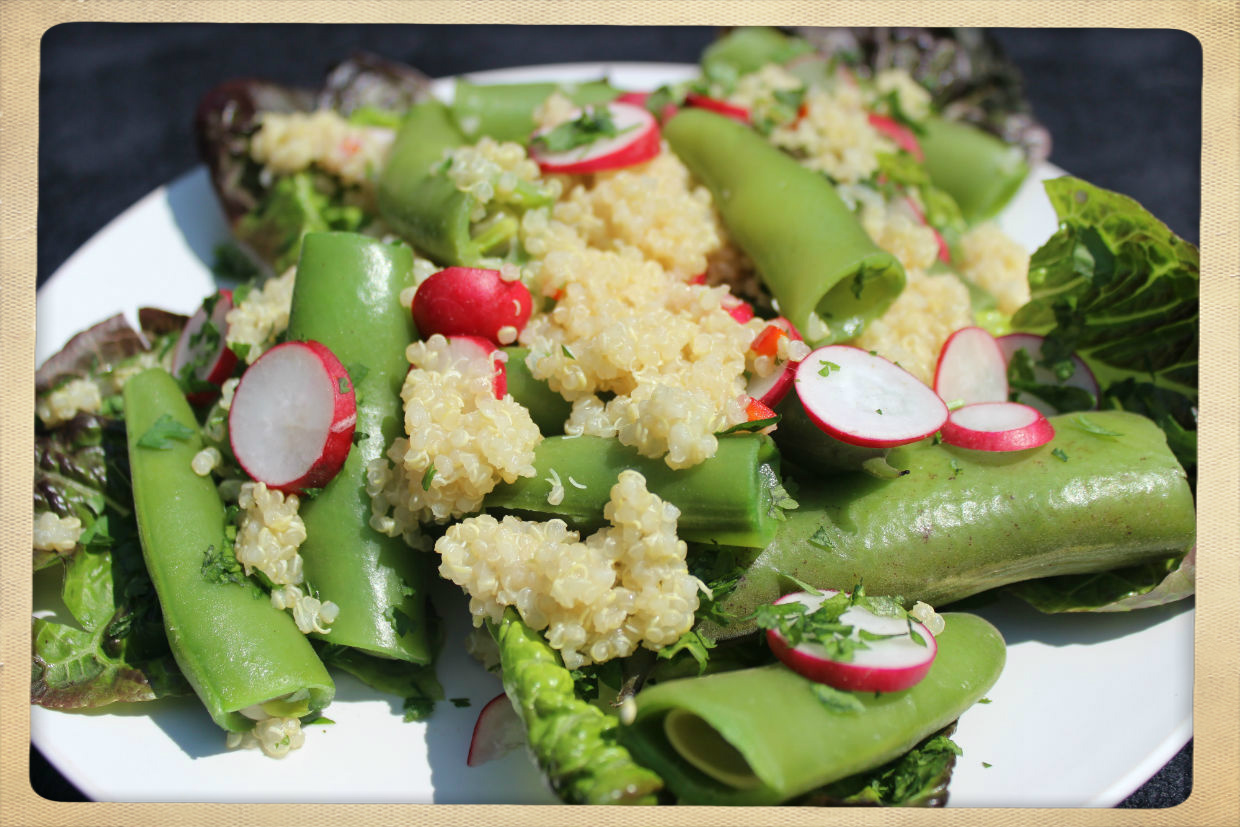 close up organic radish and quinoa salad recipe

__________________________________________________

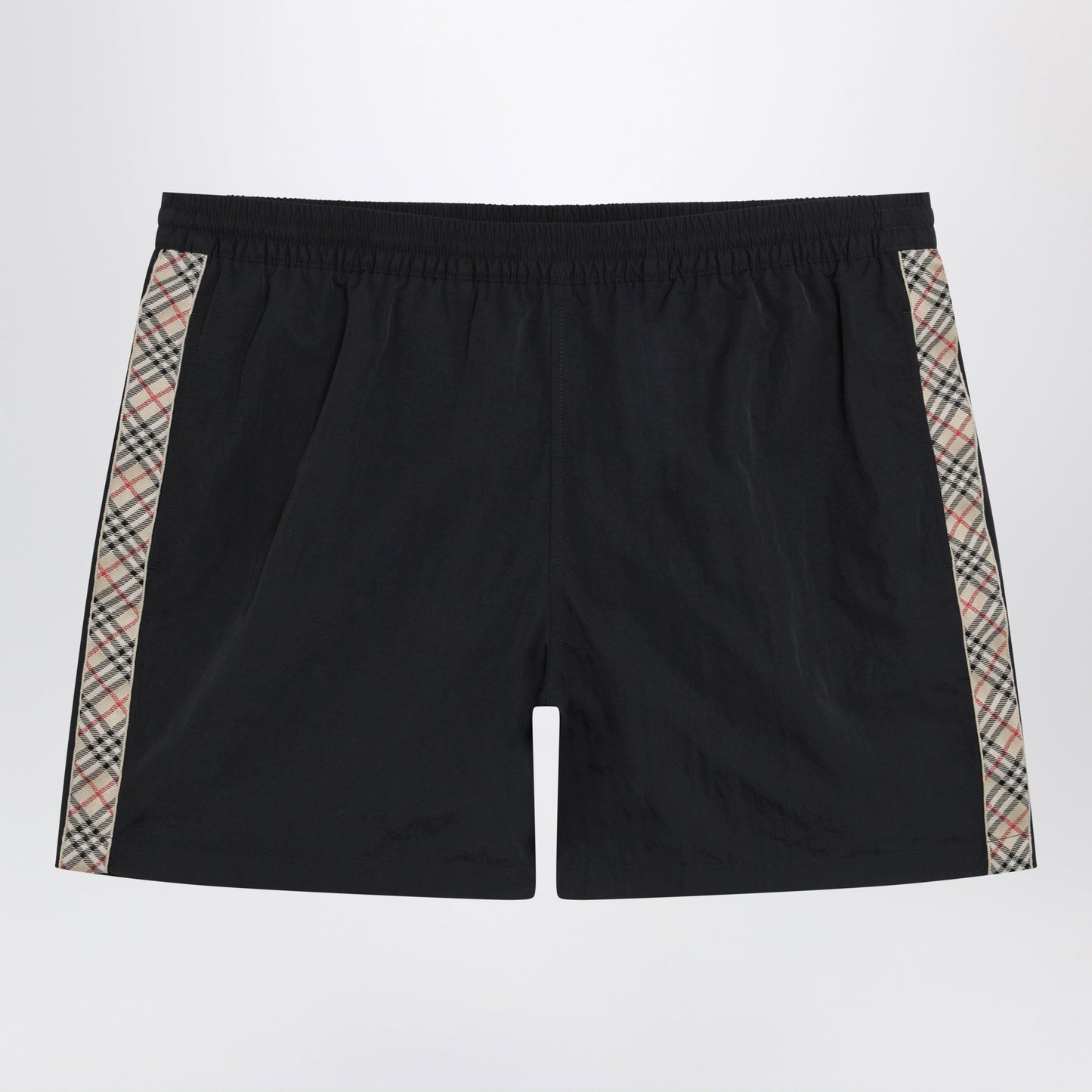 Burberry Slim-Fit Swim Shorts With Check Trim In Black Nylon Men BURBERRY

__________________________________________________

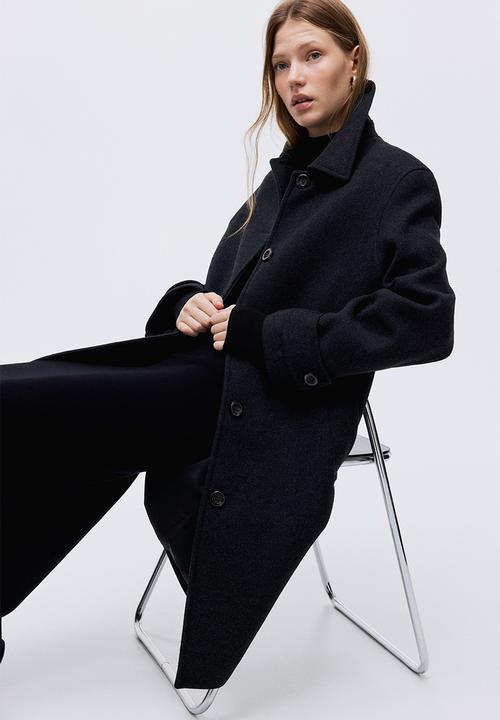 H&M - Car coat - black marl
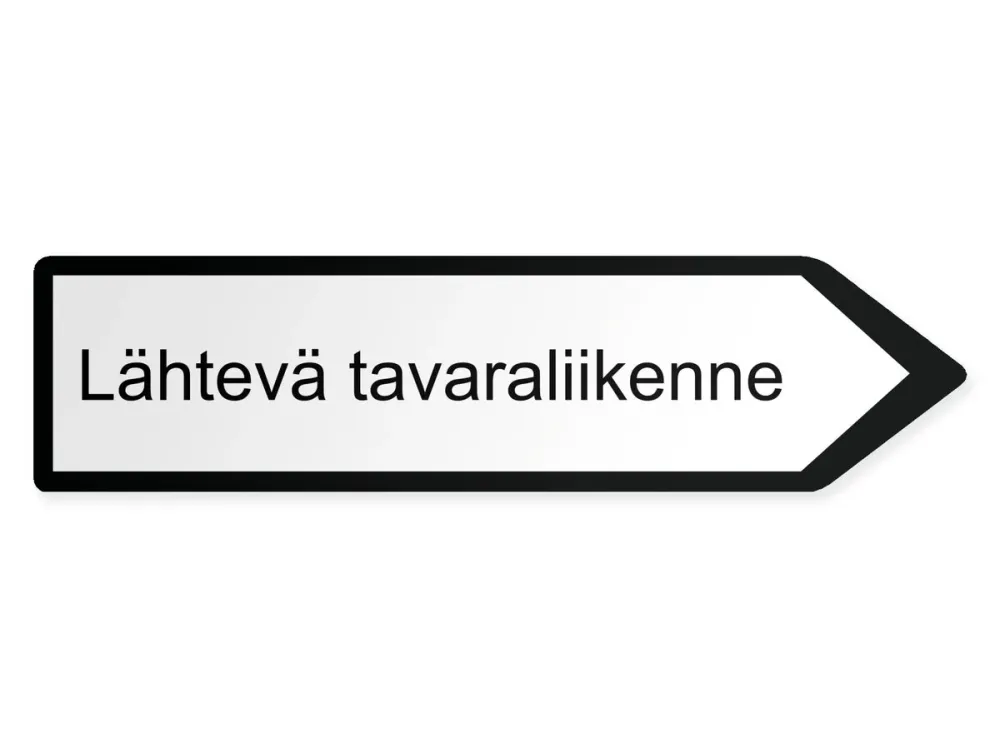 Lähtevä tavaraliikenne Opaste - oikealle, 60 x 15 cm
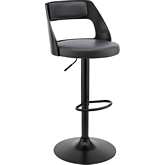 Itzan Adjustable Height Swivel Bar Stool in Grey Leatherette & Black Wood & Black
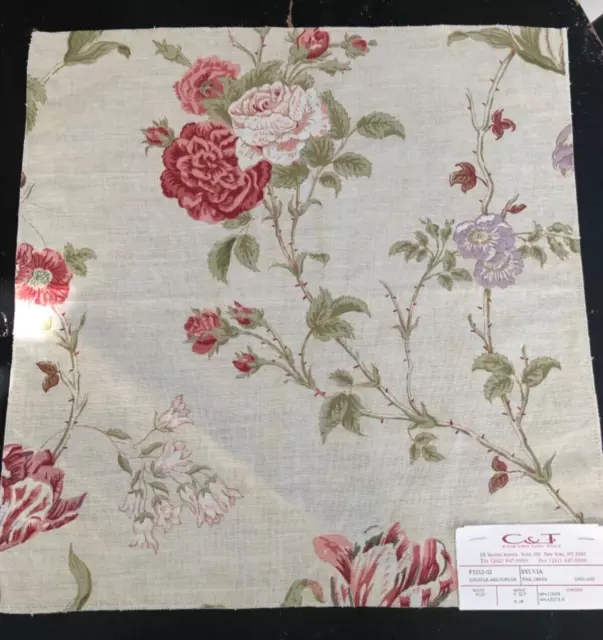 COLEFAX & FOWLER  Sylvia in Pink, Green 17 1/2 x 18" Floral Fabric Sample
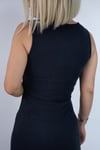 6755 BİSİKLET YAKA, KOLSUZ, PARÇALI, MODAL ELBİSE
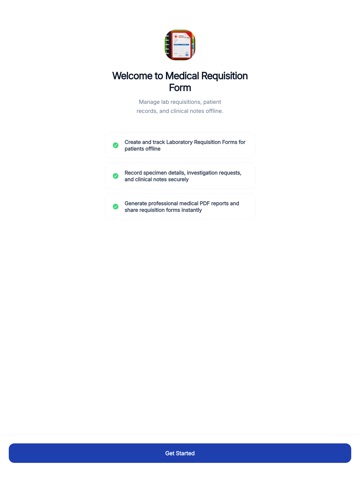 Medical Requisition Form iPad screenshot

__________________________________________________

Exactly as written above, retype the lines starting at the one holding "6755 BİSİKLET YAKA, KOLSUZ, PARÇALI, MODAL" and ending at the one holding "Medical Requisition Form iPad screenshot", both included, but not the pictures.

- [ANSWER BOX]:
 6755 BİSİKLET YAKA, KOLSUZ, PARÇALI, MODAL ELBİSE
 Medical Requisition Form iPad screenshot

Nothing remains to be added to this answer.